Chapter 1 of 1

Chapter 1

カイダイ

平山千代子

四年の三学期であつた。

国語の教生が来て、平家物語の重盛諫言のところを教へることになつた。

教生といふのは今年卒業する大学部の学生の中から、一番か二番の人で、卒業後の練習のため女学校へ教へに来る人のことである。

その時の国語の教生は、私たちが一年の時の五年生で、キツネさんと呼ばれてゐた市村先生であつた。

キツネだと云ふので、あてられては大変と皆よく予習して行つた。

いよ/\その時間となり、先生はすまして教壇へお上りになる。後には先生の同級生が大勢(二、三十人)見学してゐる。先生は一通り読みが終つてから、

「では解釈に移ります」とおつしやつた。

さあ腕前(下しらべの)のほど、みせてくれん、と私もノートを開いた。

私がまだノートをひねくつてる中に、

「平山さん」といきなり呼ばれて、私は面喰らつてしまつた。第一、私の名前を知られてるなんて夢にも思つてなかつたのである。

鳩の豆鉄砲より尚甚だしかつたに違ひない。

「どうぞ、カイダイして下さい」

カイダイ? カイダイ?

呼ばれておどろいたばかりぢやない。変なことを仰せつかつた。仰せつかつたが、どうしていゝのかわからない。

私は突差に立ち上つて云つたものだ。

「カイダイ……ッて何ですか」と。

わーツとおこる爆笑の中で、私だけは生真面目にポカンとしてゐた。

先生もゲラ/\笑ひながら、

「カイダイといふのは本について、何時、何があつて、どういふことがかいてあるかをしらべることです」と教へて下さつた。

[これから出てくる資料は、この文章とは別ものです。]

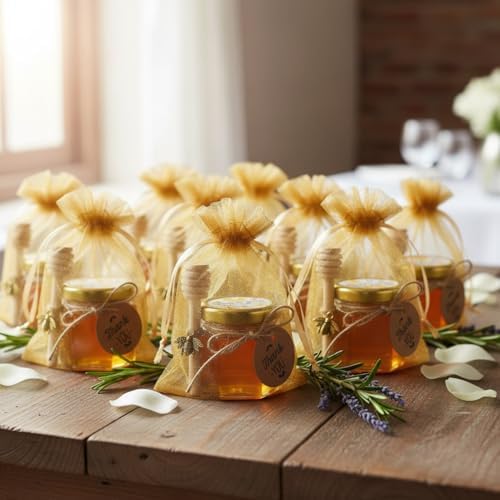 Adabocute Mini Honey Jars - Honey Pot With Honey Dippers, 40 Pack 1.5oz - Image 6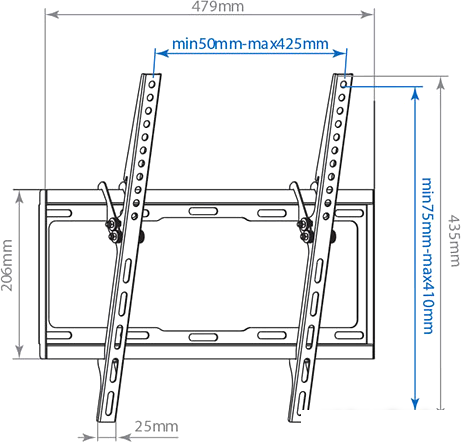 Кронштейн Arm Media Steel-4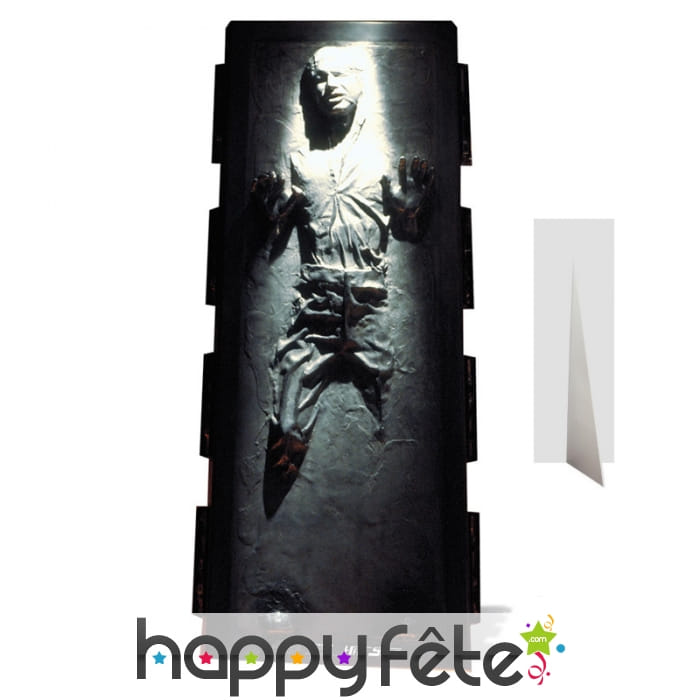 Han solo carbonite taille réelle en carton plat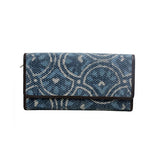 Myra Bag Indigo Leaf Wallet Womens Wallet Blue Wallet - Main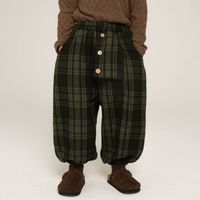 Cute Plaid Cotton Polyester Boys Pants sku image 8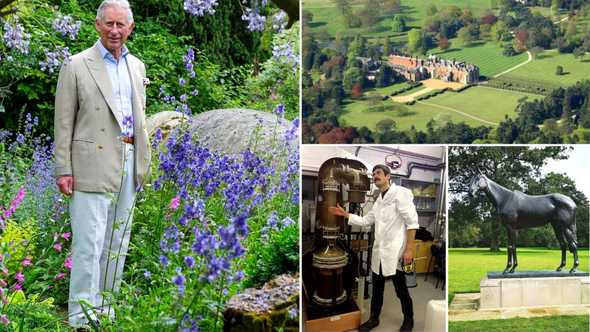 Prince Charles in the gardens of the Highgrove Estate; Sandringham Estate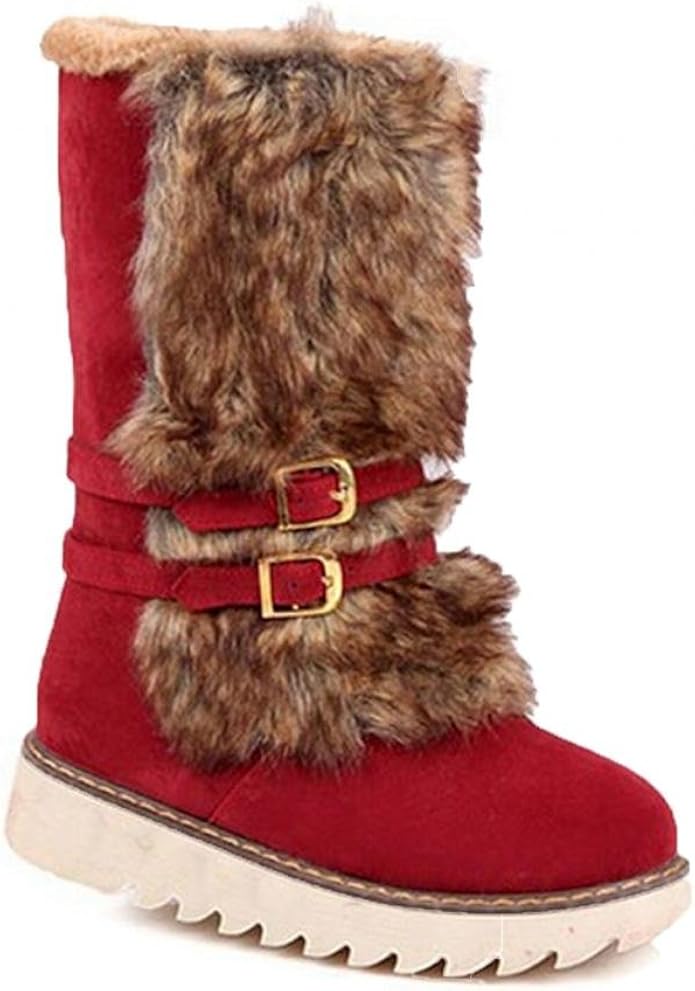 fur mid heels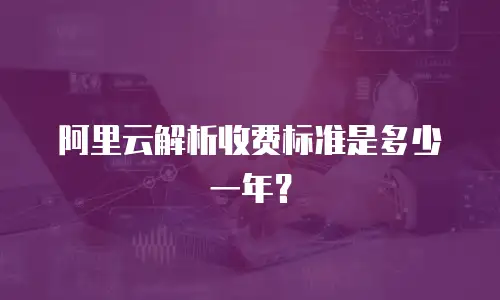 阿里云解析收费标准是多少一年？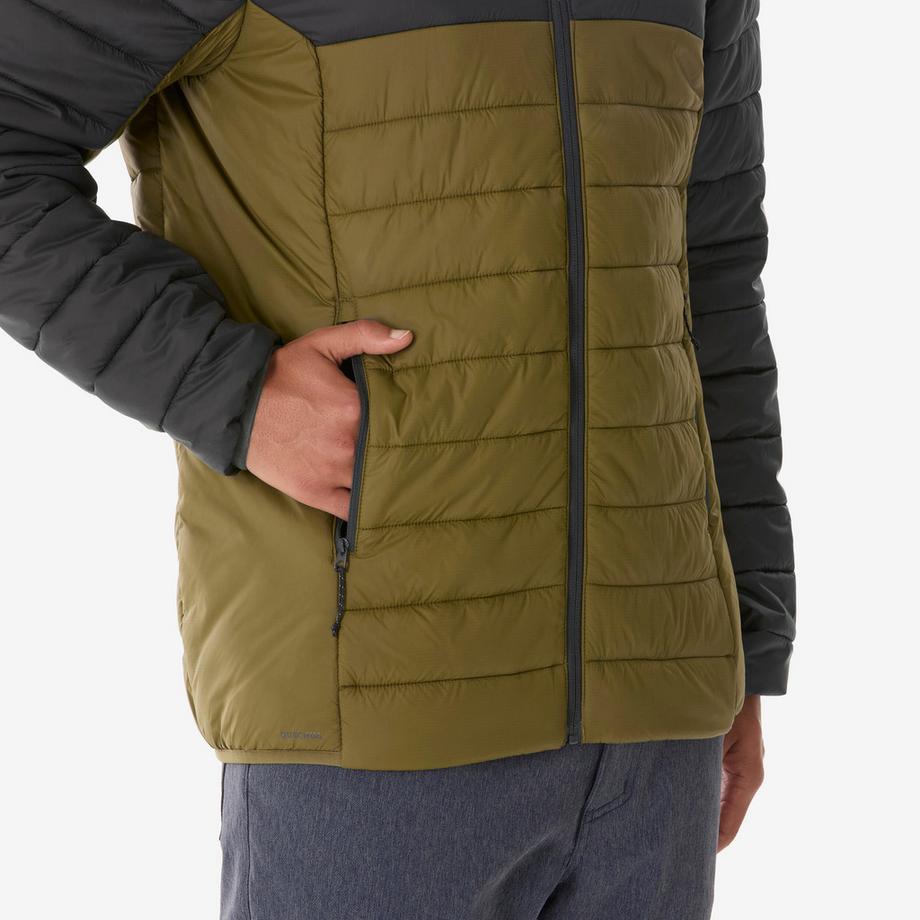 QUECHUA MH500 Daunenjacke mit Kapuze  
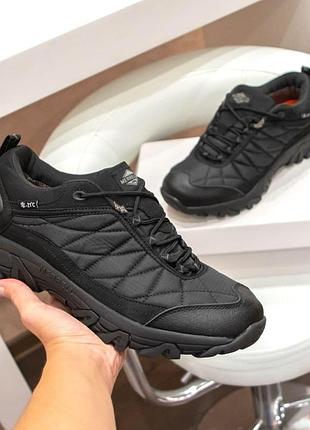 Теплі зимові кросівки merrell vibram чорні термо чоловічі зимові кросівки мерел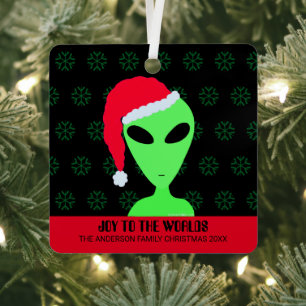 LGM in einer Weihnachtsmannmütze Funny Geek Cool  Ornament Aus Metall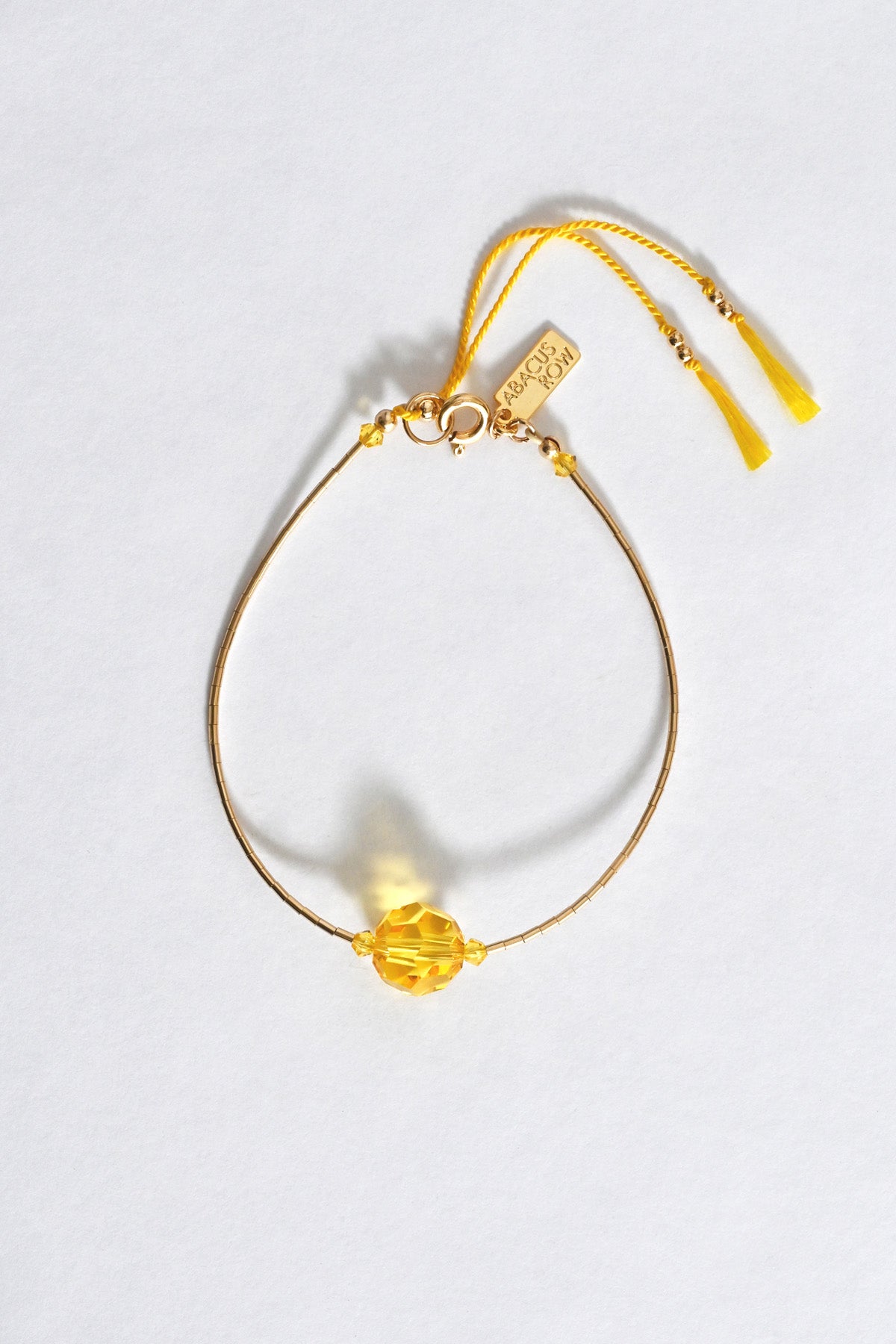 Honey Pomelo Bracelet at Abacus Row Handmade Jewelry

今までそんなことした事もなし、きいたこともないので、私はさう云はれて初めてわかつた。カイダイッて何ですか、ときいた位だから、やつてないのは分りきつてゐる。

やつてありません、と云つてしまへばよかつたのだが、そこで私は失敗した。

隣の智ちやんが、それどこぢやないといふ様に心配して、これをみろ、これをみろ――とばかりに私の腕をつゝついて、自分のノートを差出してくれた。あまりさゝやくので智ちやんのノートをみたが、何年とか、なんとか、かんとかと極くおぼえ書程度の簡単なもので、何と云つていゝかわからぬ。困つた顔をしてゐたが、智ちやんは親切に、

これを云へ、これを答へろと、つゝつきとほす。私は覚悟をきめて、しどろもどろいゝ加減なことを云つてしまつた。

あの時はトモちやんの親切をすてきれず、あんないゝ加減なことを答へてしまつたが、今思ふとなぜ正直にやつて来ませんでした、と云はなかつたんだらうとほんとに残念だ。

カイダイッてなあに? とこつそりきかずに、折角、正直に先生にきいたのに、なぜ大事なとこで、嘘をついて、胡魔化してしまつたか、今でもあの自分の卑劣さを考へると、がつかりしてしまふ。